## WHAT TO DO
Beginning with the first line, retype exactly the records below up to and including the line with "Dastaan-e-Ajrakh ✨ Modal"; pictures do not belong in the copy.

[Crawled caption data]
+===+

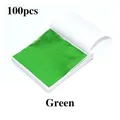Lot de 100 feuilles d'or imitation pour artisanat et gâteaux – Couleur Green-100Pcs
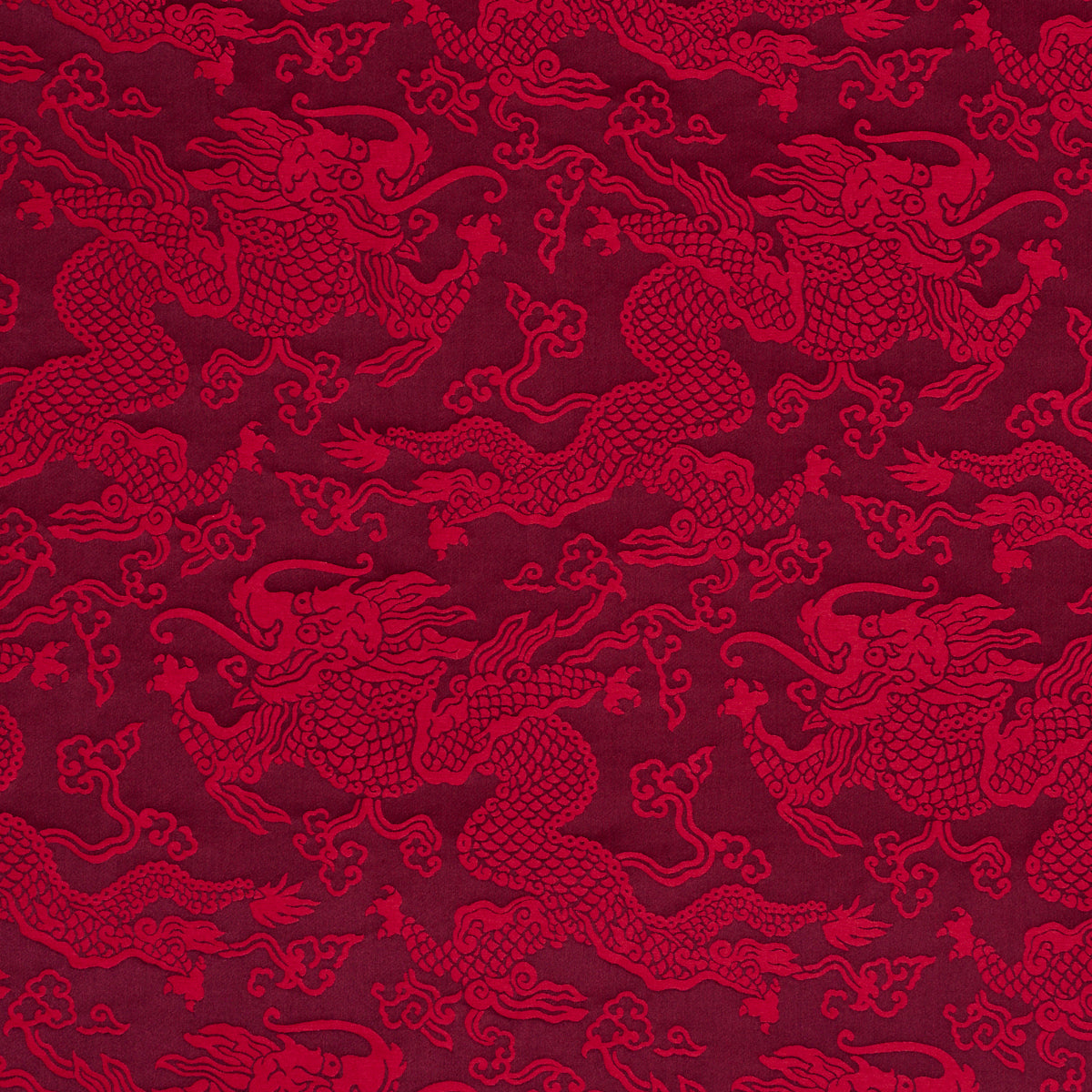 Ruan Dragon Damask fabric in garnet color - pattern number 78101 - by Schumacher in the Fire Breather collection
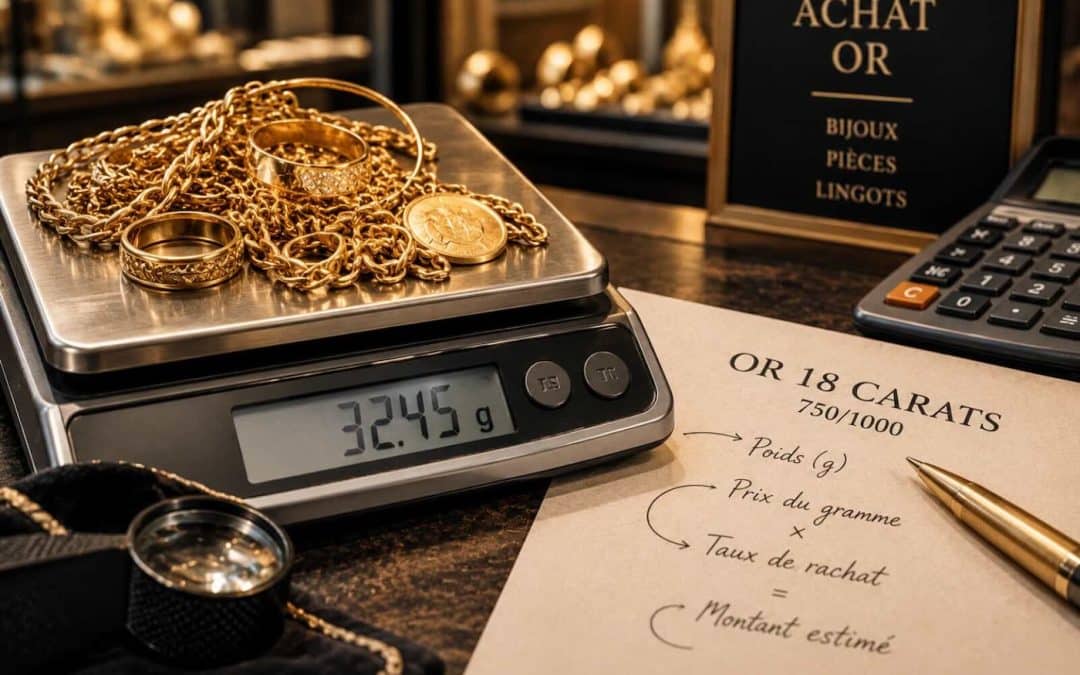 Prix de l&rsquo;or 18 carats au gramme : comment est calculé le rachat de vos bijoux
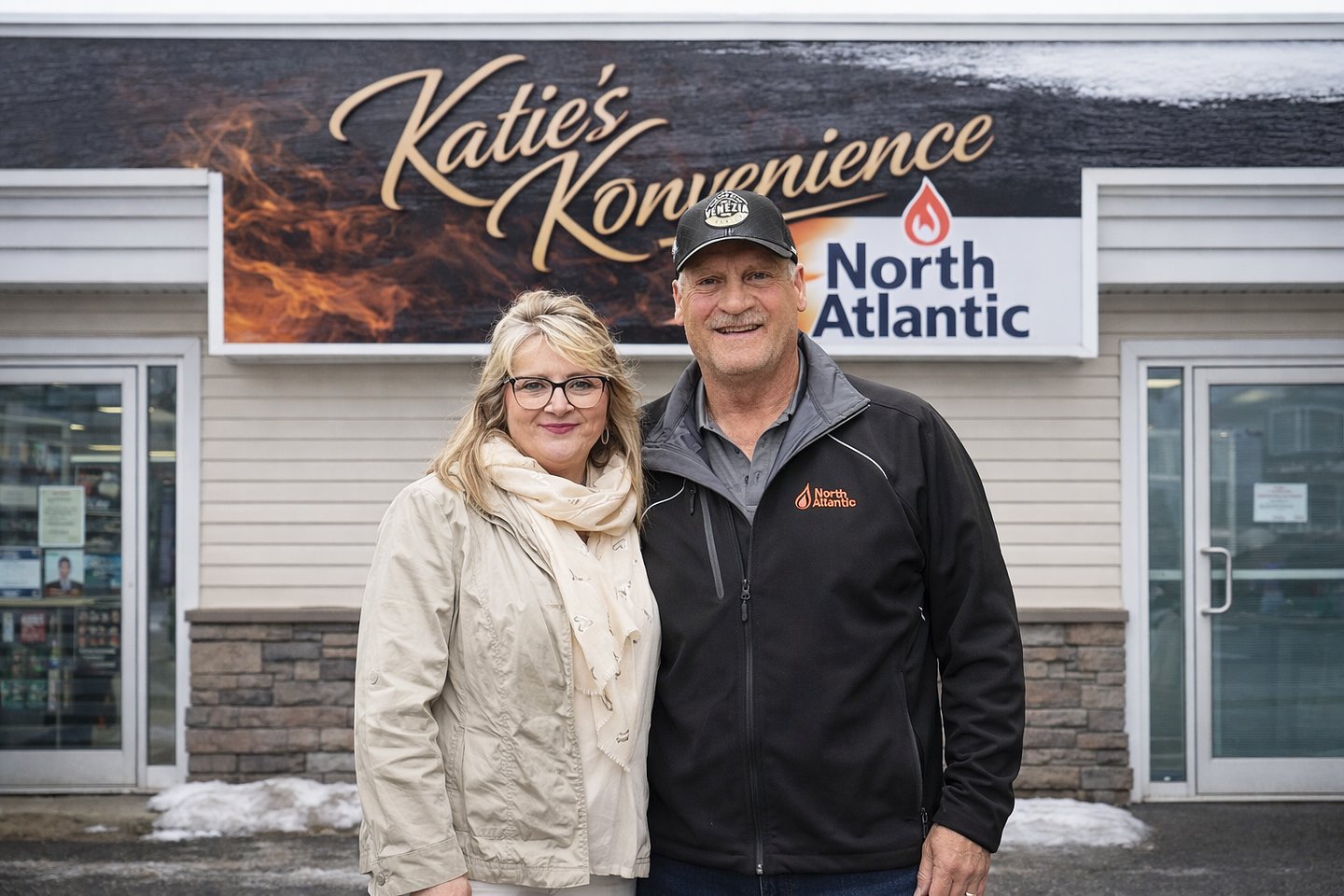 Katie's Konvenience owners Linda and Larry Edmonds in front of their store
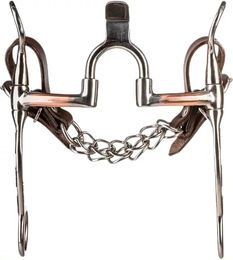 Produktbild von Metalab BF Mors Western-Snaffle Gebiss für Pferde mit Kupferbarren und gravierten Gelenken in Silber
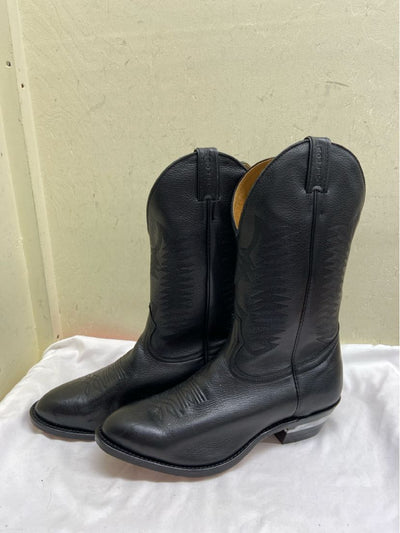 NWT Boulet Men's Size 10 Black Leather Cowboy Boots Shoes
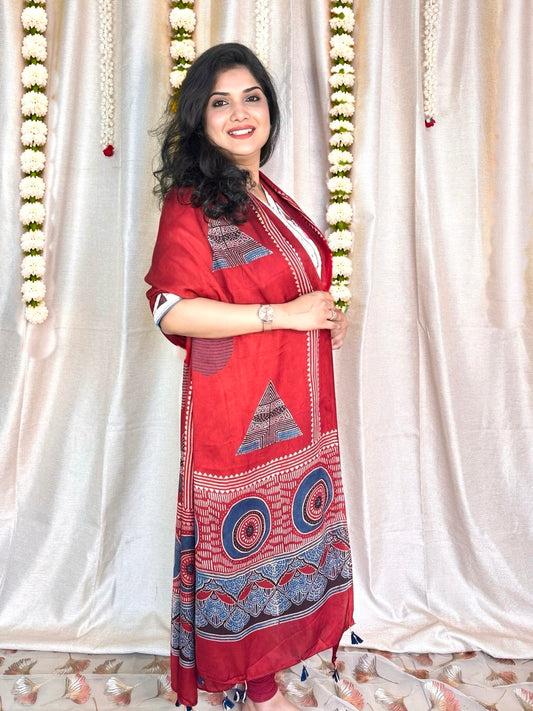Dastaan-e-Ajrakh ✨ Modal Silk Dupatta ~ Sindoori Naksh
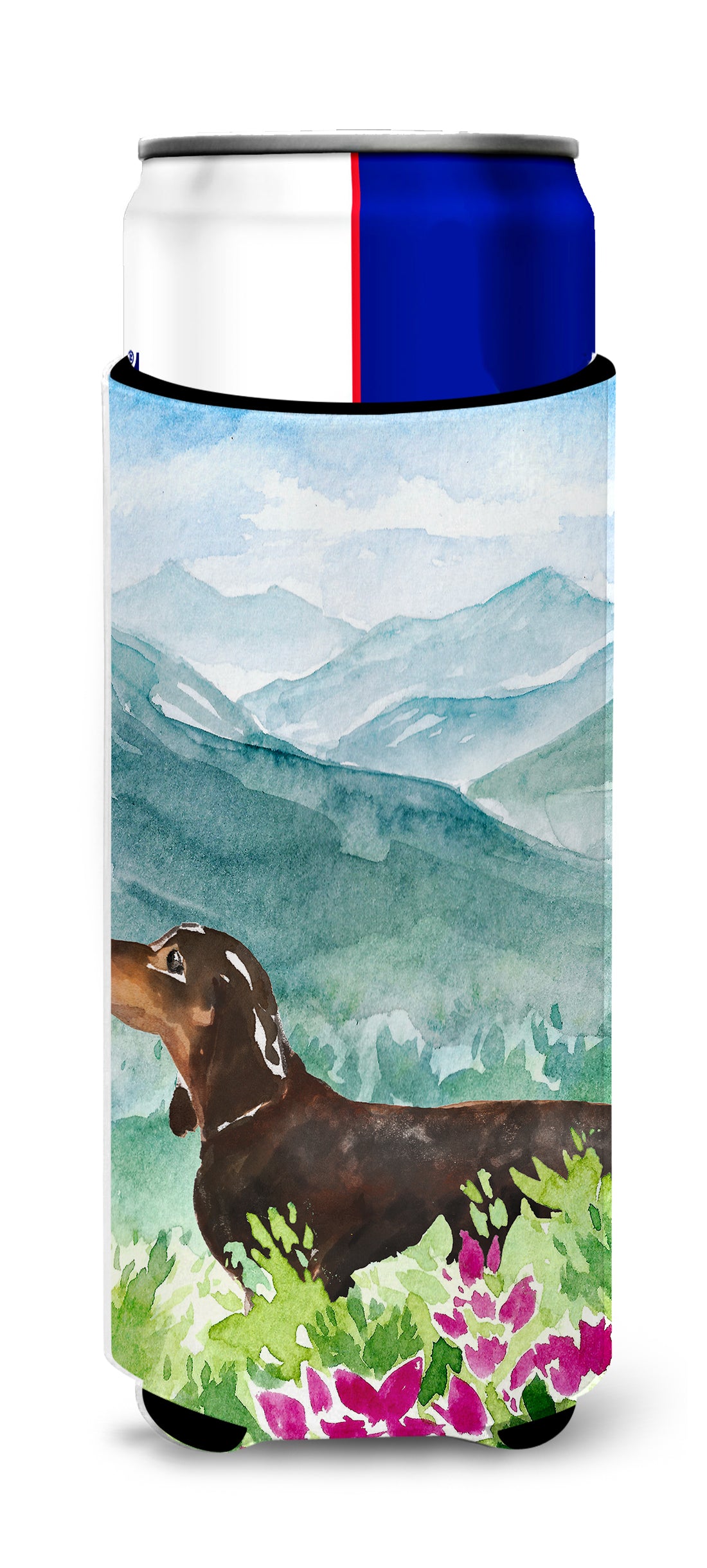 Mountian Flowers Dachshund  Ultra Hugger for slim cans CK1993MUK  the-store.com.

+===+

## WORKED SOLUTION
Lot de 100 feuilles d'or imitation pour artisanat et gâteaux – Couleur Green-100Pcs
 Ruan Dragon Damask fabric in garnet color - pattern number 78101 - by Schumacher in the Fire Breather collection
 Prix de l&rsquo;or 18 carats au gramme : comment est calculé le rachat de vos bijoux
 Katie's Konvenience owners Linda and Larry Edmonds in front of their store
 Produktbild von Metalab BF Mors Western-Snaffle Gebiss für Pferde mit Kupferbarren und gravierten Gelenken in Silber
 NWT Boulet Men's Size 10 Black Leather Cowboy Boots Shoes
Dastaan-e-Ajrakh ✨ Modal Silk Dupatta ~ Sindoori Naksh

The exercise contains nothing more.